| SOURCE DATA |

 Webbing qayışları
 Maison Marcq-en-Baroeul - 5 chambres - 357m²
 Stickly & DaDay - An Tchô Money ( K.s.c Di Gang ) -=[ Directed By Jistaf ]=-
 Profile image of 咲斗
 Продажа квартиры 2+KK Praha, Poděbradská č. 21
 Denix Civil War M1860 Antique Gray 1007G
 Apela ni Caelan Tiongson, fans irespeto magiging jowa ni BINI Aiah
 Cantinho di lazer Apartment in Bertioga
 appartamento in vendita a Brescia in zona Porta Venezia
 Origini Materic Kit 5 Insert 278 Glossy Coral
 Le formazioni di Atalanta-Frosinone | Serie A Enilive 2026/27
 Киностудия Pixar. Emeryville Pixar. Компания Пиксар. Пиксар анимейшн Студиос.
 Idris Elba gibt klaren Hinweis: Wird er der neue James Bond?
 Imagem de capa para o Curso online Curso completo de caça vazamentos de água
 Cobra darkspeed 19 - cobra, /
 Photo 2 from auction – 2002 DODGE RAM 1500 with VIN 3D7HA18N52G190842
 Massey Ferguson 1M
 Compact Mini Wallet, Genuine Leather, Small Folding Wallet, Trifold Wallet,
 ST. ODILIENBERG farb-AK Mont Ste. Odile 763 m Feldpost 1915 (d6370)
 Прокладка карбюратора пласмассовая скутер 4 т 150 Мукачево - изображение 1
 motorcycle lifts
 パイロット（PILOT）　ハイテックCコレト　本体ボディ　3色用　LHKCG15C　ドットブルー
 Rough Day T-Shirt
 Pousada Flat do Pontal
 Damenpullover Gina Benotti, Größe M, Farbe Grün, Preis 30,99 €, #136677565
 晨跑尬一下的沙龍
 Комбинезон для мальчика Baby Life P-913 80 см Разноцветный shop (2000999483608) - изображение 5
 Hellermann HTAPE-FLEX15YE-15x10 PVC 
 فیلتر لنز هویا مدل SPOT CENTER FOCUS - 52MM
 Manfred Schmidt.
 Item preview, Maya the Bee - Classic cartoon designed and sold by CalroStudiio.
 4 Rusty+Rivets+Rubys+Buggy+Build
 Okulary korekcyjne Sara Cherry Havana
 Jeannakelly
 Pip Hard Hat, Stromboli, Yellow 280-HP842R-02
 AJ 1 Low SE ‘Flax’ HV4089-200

| ACTIVITY |
The whole of the material above is to be restated exactly.

| WRITTEN SOLUTION |
 Webbing qayışları
 Maison Marcq-en-Baroeul - 5 chambres - 357m²
 Stickly & DaDay - An Tchô Money ( K.s.c Di Gang ) -=[ Directed By Jistaf ]=-
 Profile image of 咲斗
 Продажа квартиры 2+KK Praha, Poděbradská č. 21
 Denix Civil War M1860 Antique Gray 1007G
 Apela ni Caelan Tiongson, fans irespeto magiging jowa ni BINI Aiah
 Cantinho di lazer Apartment in Bertioga
 appartamento in vendita a Brescia in zona Porta Venezia
 Origini Materic Kit 5 Insert 278 Glossy Coral
 Le formazioni di Atalanta-Frosinone | Serie A Enilive 2026/27
 Киностудия Pixar. Emeryville Pixar. Компания Пиксар. Пиксар анимейшн Студиос.
 Idris Elba gibt klaren Hinweis: Wird er der neue James Bond?
 Imagem de capa para o Curso online Curso completo de caça vazamentos de água
 Cobra darkspeed 19 - cobra, /
 Photo 2 from auction – 2002 DODGE RAM 1500 with VIN 3D7HA18N52G190842
 Massey Ferguson 1M
 Compact Mini Wallet, Genuine Leather, Small Folding Wallet, Trifold Wallet,
 ST. ODILIENBERG farb-AK Mont Ste. Odile 763 m Feldpost 1915 (d6370)
 Прокладка карбюратора пласмассовая скутер 4 т 150 Мукачево - изображение 1
 motorcycle lifts
 パイロット（PILOT）　ハイテックCコレト　本体ボディ　3色用　LHKCG15C　ドットブルー
 Rough Day T-Shirt
 Pousada Flat do Pontal
 Damenpullover Gina Benotti, Größe M, Farbe Grün, Preis 30,99 €, #136677565
 晨跑尬一下的沙龍
 Комбинезон для мальчика Baby Life P-913 80 см Разноцветный shop (2000999483608) - изображение 5
 Hellermann HTAPE-FLEX15YE-15x10 PVC 
 فیلتر لنز هویا مدل SPOT CENTER FOCUS - 52MM
 Manfred Schmidt.
 Item preview, Maya the Bee - Classic cartoon designed and sold by CalroStudiio.
 4 Rusty+Rivets+Rubys+Buggy+Build
 Okulary korekcyjne Sara Cherry Havana
 Jeannakelly
 Pip Hard Hat, Stromboli, Yellow 280-HP842R-02
 AJ 1 Low SE ‘Flax’ HV4089-200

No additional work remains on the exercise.